Wednesday, 17 September 2014

Following the Santa Fe Trail

The Santa Fe Trail stretched from Kansas to Santa Fe and took 8 hard and tiring weeks to cross.   We’ve explored sections of it before, so as we were in La Junta we decided to explore the section that stretches along highway 350 from Trinidad.
 
Travellers forded the Arkansas River near modern day La Junta, from there they faced 16 long dry miles until they reached the permanent water source of Timpas Creek.
 
Looking towards Timpas Creek
 
As they followed the creek a bluff at Sierra Vista gave them their first glimpse of the edge of the plains and the southern Rocky Mountains.  

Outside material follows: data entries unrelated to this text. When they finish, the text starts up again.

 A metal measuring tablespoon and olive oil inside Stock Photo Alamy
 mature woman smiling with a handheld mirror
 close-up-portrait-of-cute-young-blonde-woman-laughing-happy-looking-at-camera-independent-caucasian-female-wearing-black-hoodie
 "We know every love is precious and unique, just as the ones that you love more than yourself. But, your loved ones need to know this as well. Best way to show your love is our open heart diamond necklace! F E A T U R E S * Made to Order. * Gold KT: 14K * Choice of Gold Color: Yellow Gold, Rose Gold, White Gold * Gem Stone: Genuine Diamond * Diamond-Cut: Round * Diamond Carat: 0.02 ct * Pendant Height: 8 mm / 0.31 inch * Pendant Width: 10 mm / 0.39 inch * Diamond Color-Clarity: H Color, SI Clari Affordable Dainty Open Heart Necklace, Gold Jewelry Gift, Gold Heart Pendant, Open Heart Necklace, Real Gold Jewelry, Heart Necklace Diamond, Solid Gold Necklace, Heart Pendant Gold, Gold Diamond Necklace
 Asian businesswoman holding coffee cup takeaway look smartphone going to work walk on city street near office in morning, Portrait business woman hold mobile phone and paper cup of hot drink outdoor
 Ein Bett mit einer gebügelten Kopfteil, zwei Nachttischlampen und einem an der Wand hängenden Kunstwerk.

Raton Pass from the Santa Fe Trail. It’s hard to imagine that what took us a few hours to drive would take a wagon train at least 4 days.   The travellers must’ve thought they were never going to reach the mountains.

From there they travelled on to Iron Springs, which was an important watering hole for livestock.  The water was full of minerals and didn’t taste very nice.   I assume the spring is still out there somewhere, but we could only see mile upon mile of rolling grasslands.

Wagon ruts.

In 1861 the Missouri Stage Company built a stage station here, which was the only stop on the trail between Bent’s Fort and Trinidad until 1866. 

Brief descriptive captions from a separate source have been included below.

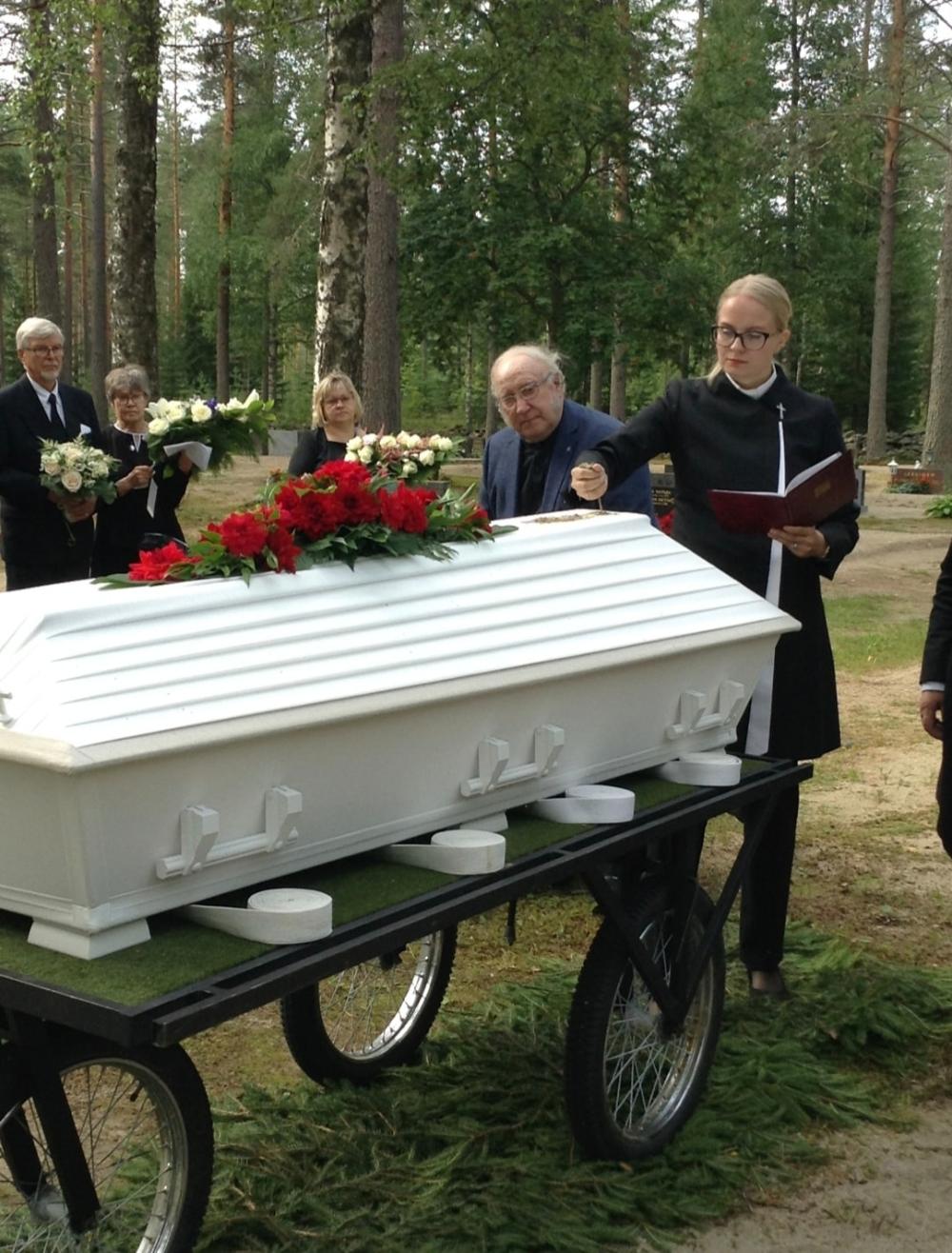 Hautajaiset hautausmaalla, lähikuvassa arkku ja pappi.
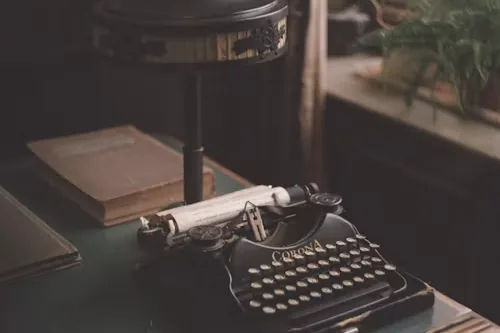 A vintage typewriter on a wooden desk beside a lamp and old books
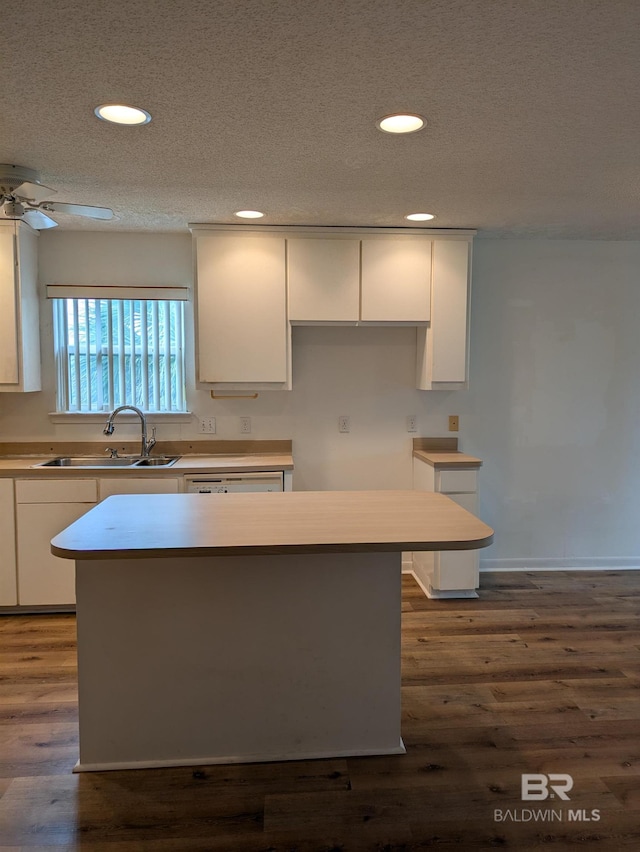 kitchen with a sink, white cabinets, recessed lighting, and a textured ceiling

Juniper posts, low mounds of earth and scattered stones, along with well-preserved wheel ruts are all that’s left of the stage station and the Santa Fe Trail. 

The remains of the old stage station

I wonder what this once contained.

I loved the colour of the piece of glass and wondered if the wire was once part of a fence.
 
 One of the juniper posts at the stage station.

The remote wide-open grasslands are spectacularly beautiful, while we loved visiting and exploring, the difference between us and the pioneers was that we were travelling in a comfortable air conditioned truck, following a wagon train would be a whole different story. 

Have fun, we are!

Bent’s Fort, La Junta, Colorado

Originally called Fort William, Bent’s Fort was established by William and Charles Bent and their partner Ceran St Vrain in 1833 on the north bank of the Arkansas River.   At the time the river was the international boundary between the US and Mexico, Bent’s Fort operated as a Fort and trading post, fur trappers, the Cheyenne, Arapaho, Kiowa and other tribes all came to trade.
 
Traders at the fort exchanged, cloth, glass, hardware and tobacco for silver, furs, horses and mules.   Indians camped outside the gates on the prairie and exchanged buffalo hides and horses – no questions asked - for blankets, axes and firearms, although I imagine the traders were careful about who got the firearms.

The Trading Room. 

The fur press, centre below, was used to compress the fur into bales to make it easier for transportation. 

The fort must’ve been a welcome sight for travellers who’d been two months on the Santa Fe Trail, as it gave them an opportunity to repair wagons, stock up on supplies and rest before continuing their onward trek across the prairie and mountains. 

Generally different types of people mixed freely at the fort, but at meal times the upper classes and their guests ate in the dining room.   The cook was William Bent’s slave, Charlotte and she was famous for her pumpkin pies and flapjacks.  Everyone else either cooked their own meals or ate from the community pot, I’m not sure I’d want to know what exactly was in a community pot!
 
Dining Room

Storeroom

Susan Magoffin, who was 18 at the time, travelled the Santa Fe Trail with her husband on the way to trade in Mexico, she spent 18 days at the fort after she lost her baby and was delighted with her room, which she noted in her journal had two windows.   Mind you she wasn’t as delighted with the mosquitoes.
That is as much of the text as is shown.